This is a faithful reproduction of the wartime logo of the famous Bell Aircraft Corporation.
After working for Glenn L. Martin and Consolidated, Larry Bell established his own company, the Bell Aircraft Company, on July 10, 1935, headquartered in Buffalo.
Bell's first military contract followed in 1937 with the development of the ill-fated YFM-1 Airacuda, an unconventional bomber-destroyer powered by two Allison-powered pusher propellers. Bell enjoyed some success the following year with the development of the single engine P-39. Putting their previous experience with Allison engines to good use, the P-39 placed the engine in the center of the aircraft, with the propellor driven by a long shaft through which a cannon was also mounted. A somewhat larger and more powerful version of the P-39 was produced shortly before the end of World War II. Called the P-63 Kingcobra, this warplane addressed many of the shortcomings of the P-39, though it was produced too late in the war to make any contribution.
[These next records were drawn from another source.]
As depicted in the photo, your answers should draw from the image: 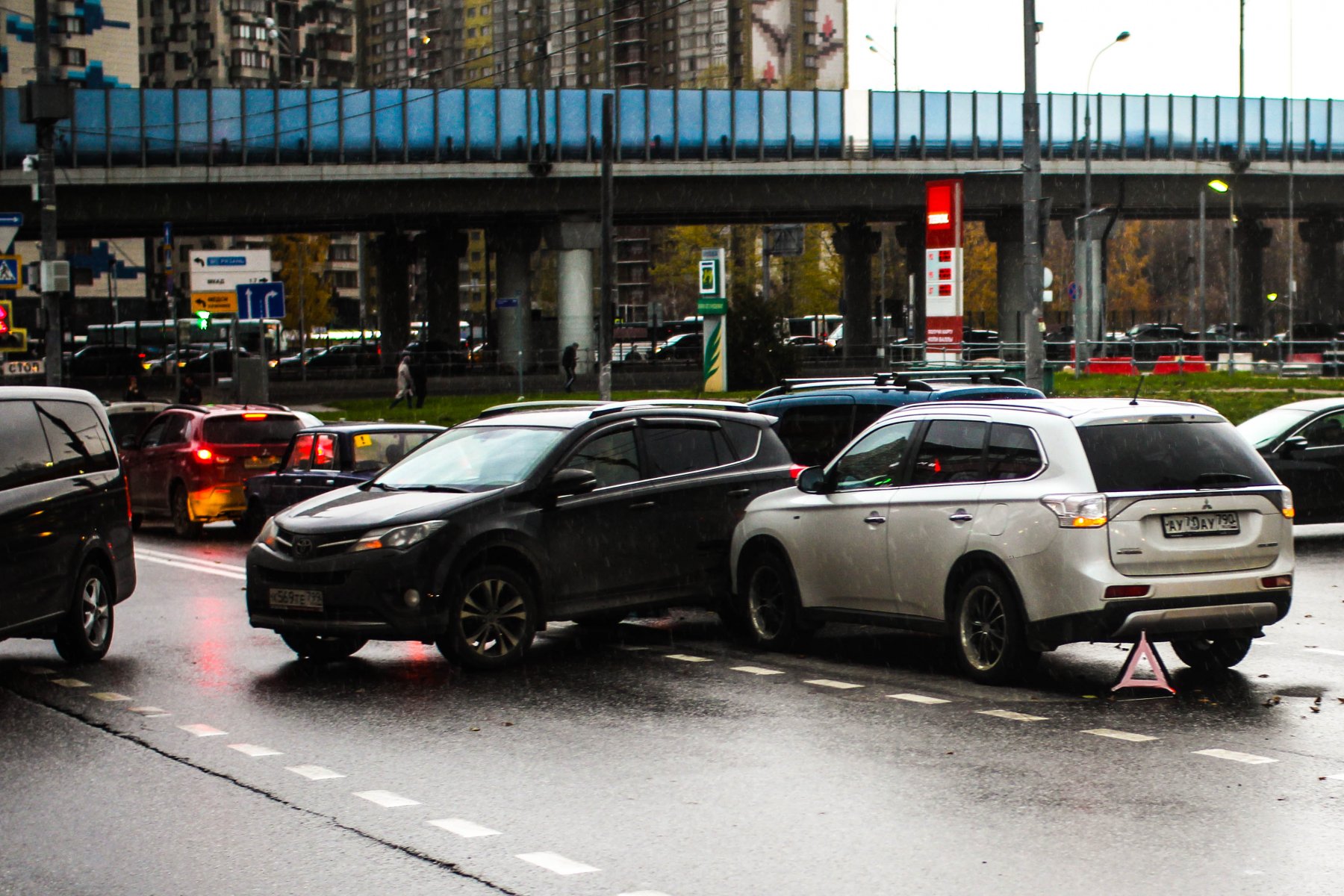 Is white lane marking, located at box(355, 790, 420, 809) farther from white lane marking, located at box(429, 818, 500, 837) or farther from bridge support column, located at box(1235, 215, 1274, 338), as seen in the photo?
bridge support column, located at box(1235, 215, 1274, 338)

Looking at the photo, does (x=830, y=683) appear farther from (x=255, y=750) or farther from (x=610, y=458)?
(x=255, y=750)

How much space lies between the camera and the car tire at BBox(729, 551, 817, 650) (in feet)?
39.7

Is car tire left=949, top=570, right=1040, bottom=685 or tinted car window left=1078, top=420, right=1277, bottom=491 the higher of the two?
tinted car window left=1078, top=420, right=1277, bottom=491

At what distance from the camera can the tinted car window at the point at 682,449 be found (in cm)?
1272

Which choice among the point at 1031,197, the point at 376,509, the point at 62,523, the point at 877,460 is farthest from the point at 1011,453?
the point at 1031,197

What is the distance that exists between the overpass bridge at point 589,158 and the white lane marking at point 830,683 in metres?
44.0

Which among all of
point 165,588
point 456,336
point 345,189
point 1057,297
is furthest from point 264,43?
point 165,588

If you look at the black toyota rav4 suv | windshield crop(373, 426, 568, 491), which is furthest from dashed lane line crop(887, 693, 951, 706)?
windshield crop(373, 426, 568, 491)

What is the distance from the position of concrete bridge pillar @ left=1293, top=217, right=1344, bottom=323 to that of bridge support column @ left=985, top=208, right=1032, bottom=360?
1867 centimetres

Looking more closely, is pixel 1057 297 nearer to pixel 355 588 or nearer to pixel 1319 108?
pixel 1319 108

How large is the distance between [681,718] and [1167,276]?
5512 inches

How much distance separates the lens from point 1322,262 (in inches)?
3140

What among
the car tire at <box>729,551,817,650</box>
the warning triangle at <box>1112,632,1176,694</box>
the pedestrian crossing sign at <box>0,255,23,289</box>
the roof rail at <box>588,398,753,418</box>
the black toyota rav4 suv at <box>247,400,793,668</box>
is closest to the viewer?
the warning triangle at <box>1112,632,1176,694</box>

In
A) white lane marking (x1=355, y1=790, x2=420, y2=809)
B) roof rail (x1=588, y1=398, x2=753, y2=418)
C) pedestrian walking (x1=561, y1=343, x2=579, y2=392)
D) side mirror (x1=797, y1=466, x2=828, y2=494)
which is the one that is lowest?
white lane marking (x1=355, y1=790, x2=420, y2=809) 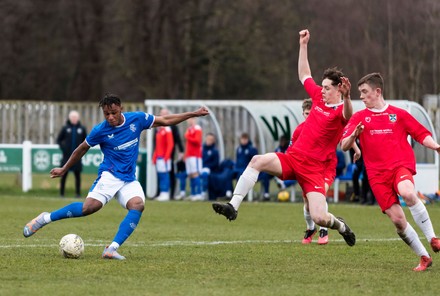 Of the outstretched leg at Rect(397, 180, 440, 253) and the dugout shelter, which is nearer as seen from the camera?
the outstretched leg at Rect(397, 180, 440, 253)

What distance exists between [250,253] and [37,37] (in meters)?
40.0

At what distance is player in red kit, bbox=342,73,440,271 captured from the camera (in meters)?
10.3

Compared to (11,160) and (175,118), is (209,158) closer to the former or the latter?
(11,160)

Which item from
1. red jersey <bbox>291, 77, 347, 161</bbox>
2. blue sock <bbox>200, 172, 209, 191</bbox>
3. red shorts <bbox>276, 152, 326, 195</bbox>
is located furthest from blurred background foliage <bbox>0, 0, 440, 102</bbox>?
red shorts <bbox>276, 152, 326, 195</bbox>

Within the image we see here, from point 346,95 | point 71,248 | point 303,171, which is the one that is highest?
point 346,95

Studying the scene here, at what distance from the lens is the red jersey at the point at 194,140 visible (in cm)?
2377

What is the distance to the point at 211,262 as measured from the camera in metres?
10.9

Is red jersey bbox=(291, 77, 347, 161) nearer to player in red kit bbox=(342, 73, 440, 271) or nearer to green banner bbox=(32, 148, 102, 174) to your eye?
player in red kit bbox=(342, 73, 440, 271)

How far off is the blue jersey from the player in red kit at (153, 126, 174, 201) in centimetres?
1239

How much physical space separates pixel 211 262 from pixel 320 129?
192cm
Bell Aircraft won contracts to build hundreds of Consolidated B-24 Liberators and Boeing B-29 Superfortress bombers too. Although Bell designed several more fighter plane designs during and after WW II, none of these ever entered mass-production. The twin-jet P-59 Airacomet, really an experimental airplane, was the first American jet fighter to fly, though its performance turned out to be inferior. The XP-77 was a small fighter using non-strategic materials; it was not successful. The XP-83 was a jet escort fighter similar in layout to the P-59 that was cancelled. The Bell XF-109 was a supersonic vertical takeoff supersonic fighter that was cancelled in 1961.
Perhaps Bell Aircraft's most important contribution to the history of fixed-wing aircraft development would be the design and building of the experimental Bell X-1, rocket plane the first airplane to break the sound barrier, and its follow-on, the Bell X-2.
Bell went on to design and produce several different experimental aircraft during the 1950s. These helped the U.S. Air Force and the National Advisory Committee on Aeronautics (NACA) explore the boundaries of aircraft design, and paving the way for the founding of NASA and the exploration of outer space.
Helicopter development began at Bell Aircraft in 1941 with the company's first one, the Bell Model 30 first flying in 1943. Bell Helicopters became the only part of Bell Aircraft still producing aircraft when Bell was purchased by the Textron Corporation. That part of Textron is now known today as Bell Helicopter Textron. After a series of successful helicopter designs, the UH-1 Iroquois became the most noted helicopter of the War in Vietnam, and Bell Helicopters still designs and manufactures helicopters today.